# Training Model Examples

## K-Nearest neighbors

In [None]:
import numpy as np
from sklearn import neighbors
from sklearn import metrics


X = np.genfromtxt('data/X_train.txt', delimiter=None)
Y = np.genfromtxt('data/Y_train.txt', delimiter=None)

Xtr = X[:10000,:]
Ytr = Y[:10000]

Xval = X[10000:20000]
Yval = Y[10000:20000]

knnN = [1, 2, 3, 5, 10, 15, 20]
for n in knnN:
    knnClassifier = neighbors.KNeighborsClassifier(n_neighbors=n, weights="distance", n_jobs=-1)
    knnClassifier.fit(Xtr, Ytr)

    Yhat = knnClassifier.predict_proba(Xval)[:,1]

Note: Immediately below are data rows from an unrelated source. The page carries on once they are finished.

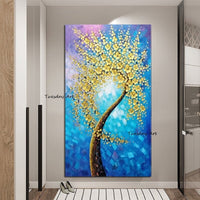 Hand Painted Knife Flower Tree Oil Painting Abstract Modern On Canvas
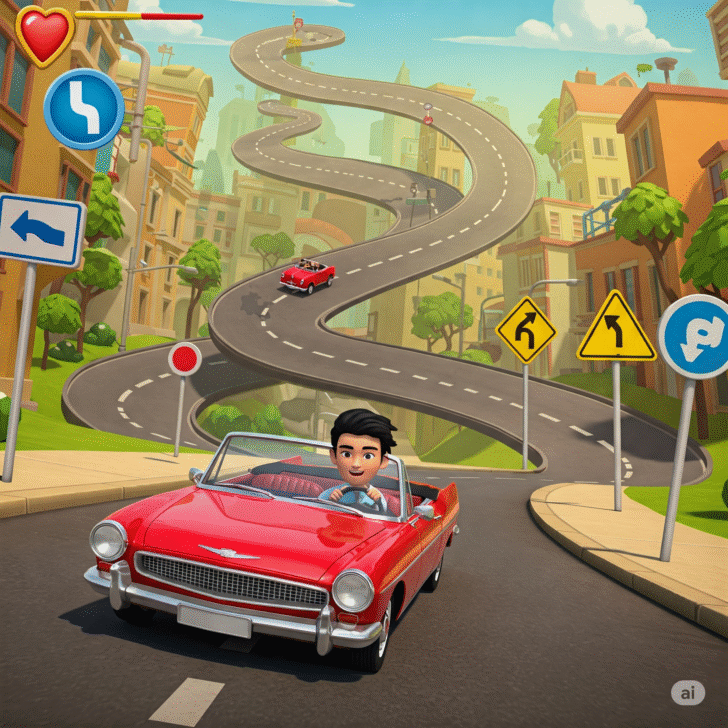 Cartoon illustration of a red convertible car driving on a winding road in a colorful city. Traffic signs indicating wrong way and U-turn. Mobile game Wrong Way.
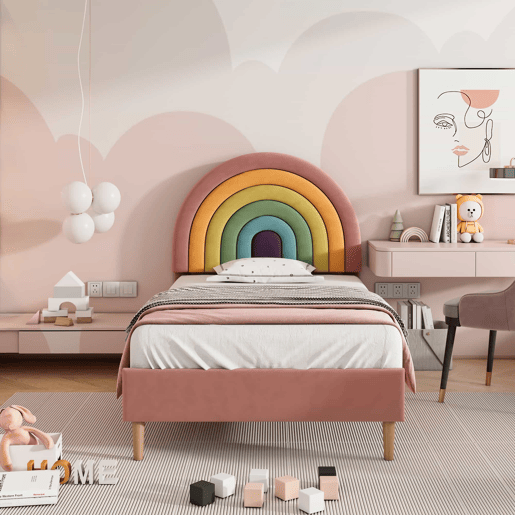 Cama de veludo para criança - 90x200 cm - com cabeceira colorida ajustável - Rosa
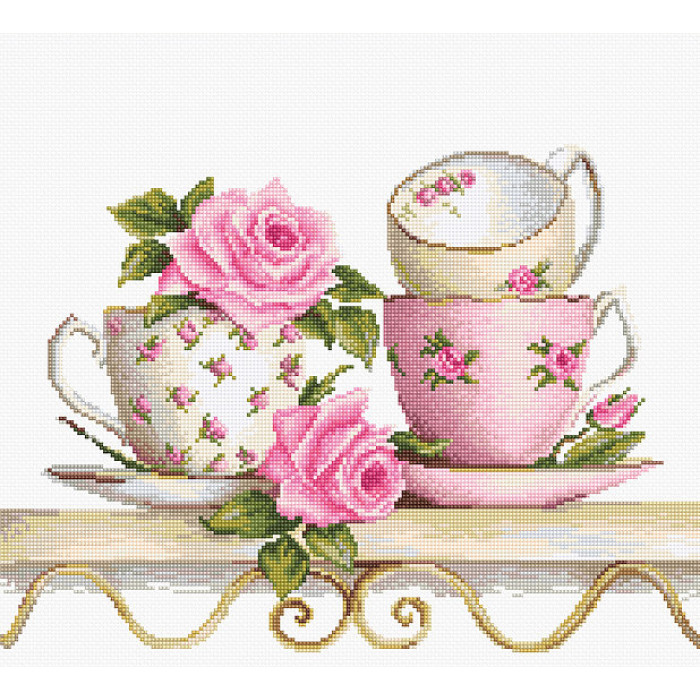 BA2327/aida18 Чайні чашки з трояндами. Luca-S. Набір для вишивки нитками(Знятий з виробництва)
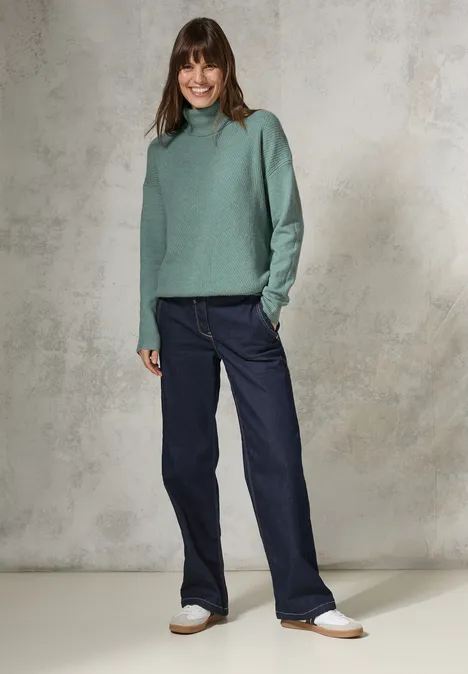 Pullover mit Rollkragen iced salvia green melange Pullover mit Rollkragen iced salvia green melange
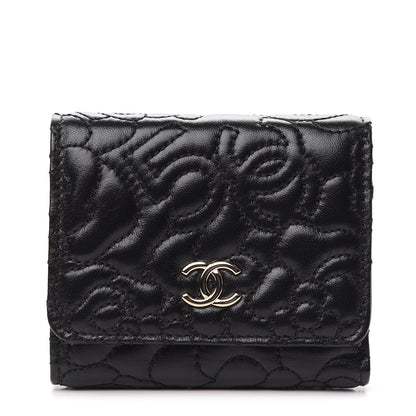 Chanel Lambskin Camellia Embossed Small Wallet Black 1 of 8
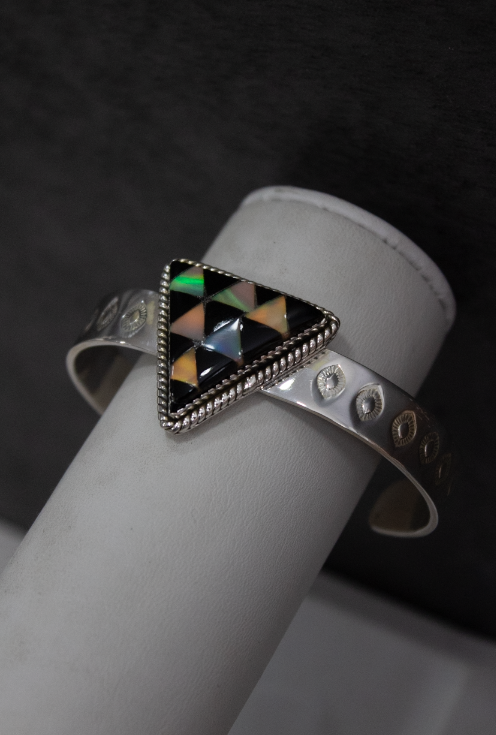 Stone Cut Sterling Stamped Cuff-Chain Bracelets-Krush Kandy, Women's Online Fashion Boutique Located in Phoenix, Arizona (Scottsdale Area)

    print("ROC :" metrics.roc_auc_score(Yval, Yhat), "Training error: ", 1 - knnClassifier.score(Xtr, Ytr), "Validation error: ", 1 - knnClassifier.score(Xval, Yval))

## Random Forest

In [11]:
from sklearn import ensemble

rfc = ensemble.RandomForestClassifier(
    n_estimators=1000, min_samples_leaf=4, n_jobs=-1, oob_score=True)

rfc.fit(Xtr, Ytr)

rfcRoc = metrics.roc_auc_score(Yval, rfc.predict_proba(Xval)[:,1])
print(rfcRoc)

print("training error:", 1 - rfc.score(Xtr, Ytr))
print("validation error:", 1 - rfc.score(Xval, Yval))

training started
0.697231282355
training error: 0.0997
validation error: 0.3033


## Neural network

In [14]:
from sklearn import neural_network

mlpc = neural_network.MLPClassifier(hidden_layer_sizes=(100,))
mlpc.fit(Xtr, Ytr)
rfcRoc = metrics.roc_auc_score(Yval, mlpc.predict_proba(Xval)[:,1])
print(rfcRoc)

print("training error:", 1 - mlpc.score(Xtr, Ytr))
print("validation error:", 1 - mlpc.score(Xval, Yval))

0.568182252207
training error: 0.4626
validation error: 0.4713